DATA BLOCK –
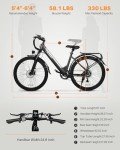 Likebike Seeker S 26" Step-Thru Electric Bike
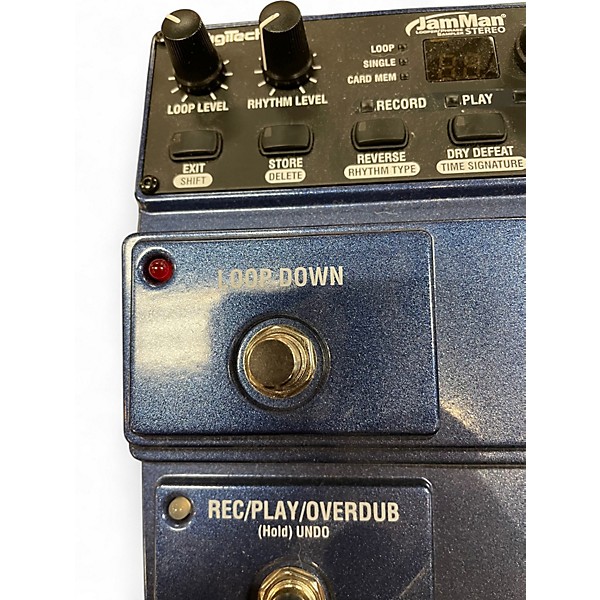 Used DigiTech JAMMAN Pedal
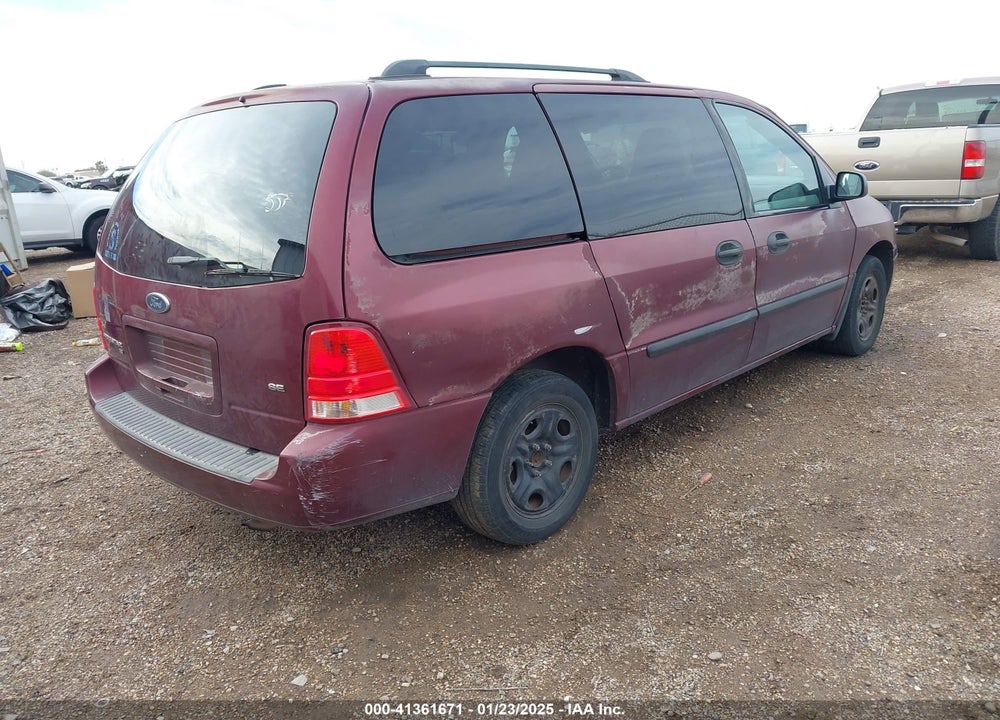 2007 FORD FREESTAR SE VIN: 2FMZA51267BA28374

PROBLEM STATEMENT – The answer should be an exact copy of the material, with its pictures removed.

RESPONSE BELOW –
 Likebike Seeker S 26" Step-Thru Electric Bike
 Used DigiTech JAMMAN Pedal
 2007 FORD FREESTAR SE VIN: 2FMZA51267BA28374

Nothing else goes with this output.